Text: October 13, 2017

Mr. Jim Nobles, Legislative Auditor
Office of the Legislative Auditor
658 Cedar Street, Room 140
St. Paul, MN 55155

Dear Mr. Nobles:

As Chair of the Legislative Commission on Pensions and Retirement, I am writing to request that you
review the composition of the governing boards of the Minnesota State Retirement System, the Public
Employees Retirement Association, and the Teachers Retirement Association. In looking at the
composition of the governing boards, please also investigate compliance with the relevant statutory
requirements, specifically Chapters 352 (for MSRS), 353 (for PERA), and 354 (for TRA) of the
Minnesota Statutes, and consider whether these requirements are sufficient and consistent with current
best practices for public pension plan boards.

Also, even though the boards of MSRS, PERA, and TRA have no decision-making authority with regard
to the investment of plan assets, each board member does have fiduciary duties regarding oversight of the
array of benefits offered by each plan, compliance with statutes, reasonableness of administrative
expenses, and monitoring plan administration and actuarial valuations, among other duties. Accordingly,
please include in your review consideration of the requirements of Chapter 356A of the Minnesota
Statutes and board member compliance with these requirements.

Specifically, please include in your report the following:

1. The enclosed information sheet summarizes the statutory requirements regarding the membership
of the three boards.
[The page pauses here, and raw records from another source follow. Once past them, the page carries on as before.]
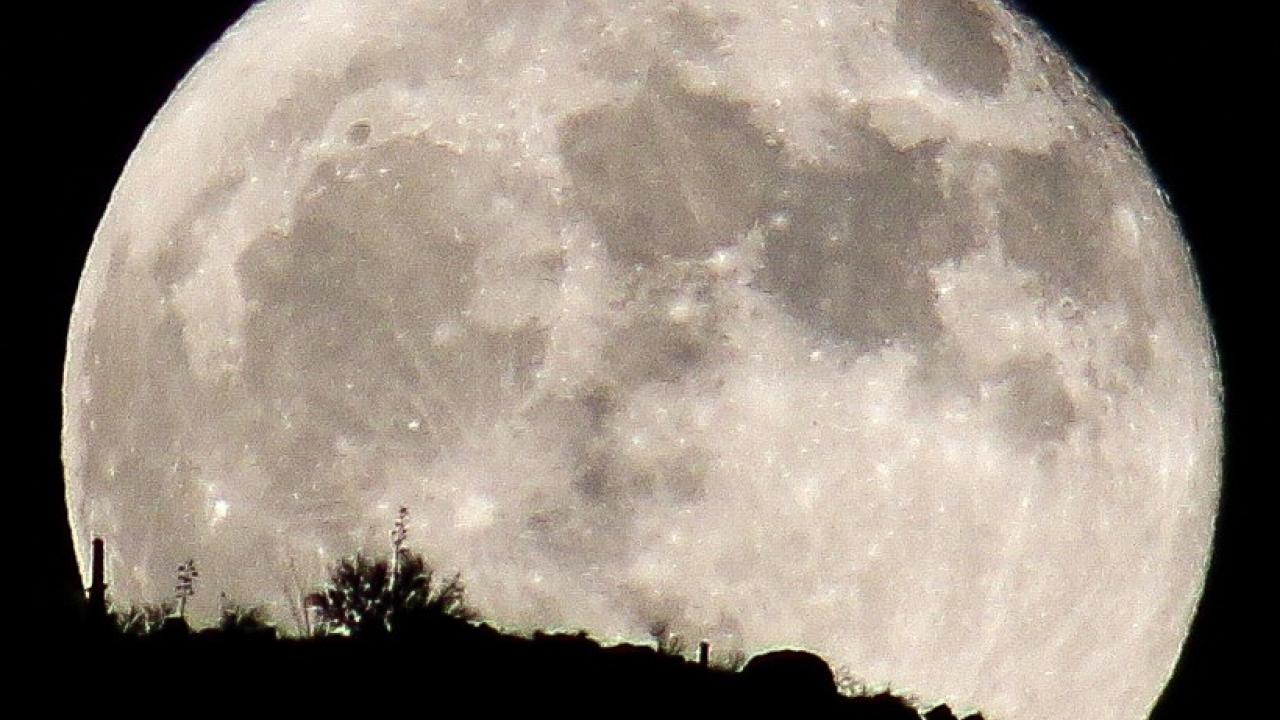 First Place Julie H moon rising over landscape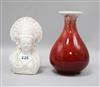 A Chinese blanc de chine bust and a sang-de-boeuf glazed vase 20cm                                                                     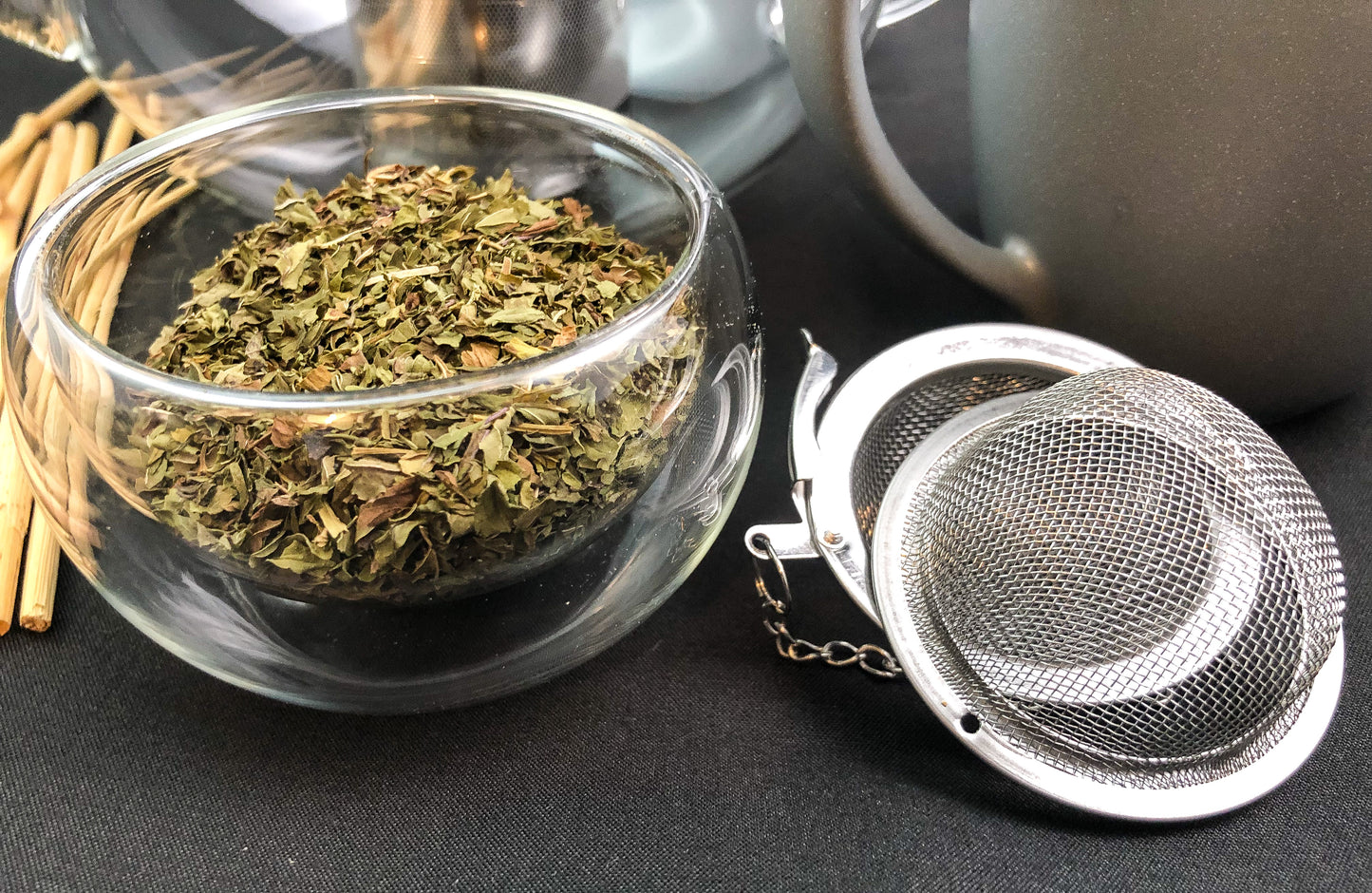 upclose image of dried peppermint in a clear glass cup next to a mesh tea infuser with black background and other items in the background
Do you have any recommendations regarding whether the number of members, the
types of members, and the member appointment and election processes are appropriate or whether they
should be changed, perhaps to be consistent with best practices?

2. We are aware that many board members hold officer positions in a union. The Public
Employment Labor Relations Act (PELRA) specifically states that pension contributions and benefits are
not terms and conditions of employment subject to bargaining. How influenced are board members by
organized labor? Is any influence appropriate and should union officers be board members? Do you have
a recommendation based on best practices for public pension plan boards?

3. Are employers adequately represented on the boards? In the context of the pension funds,
employers are the agencies, municipalities, counties, school districts, and other public entities who
employ the employee members of the pension plans and whose budget must include funding for the
employer contributions to the respective pension plans. Do you have a recommendation for the number
of employer representatives on each board or suggestions on how to ensure that the employer perspective
is adequately represented?

4. Are current statutory requirements likely to ensure that members do not have conflicts of interest
or, if they do have such conflicts, do the boards have effective policies in place to ensure members do not
participate or vote on matters in which they have a personal financial interest? Please provide
recommendations on how to address conflicts of interest, especially the conflict that exists for each
member who has a public pension benefit, when a board member is asked to consider benefit reductions
or modifications?

5. MSRS and PERA boards statutorily requires that one or more members are "public members
knowledgeable in pension matters"? How would you assess whether any board member has any expertise
in pensions or retirement benefits? Are current disclosure and procedures adequate to ensure that the
boards have members with this expe1iise? Would you recommend a similar position on the board of
TRA? In addition to pension expertise, should there be a requirement that members, or at a minimum,
one member, have financial or actuarial expertise? Do members receive training on how to read and
understand actuarial concepts and rep01is and is the training effective?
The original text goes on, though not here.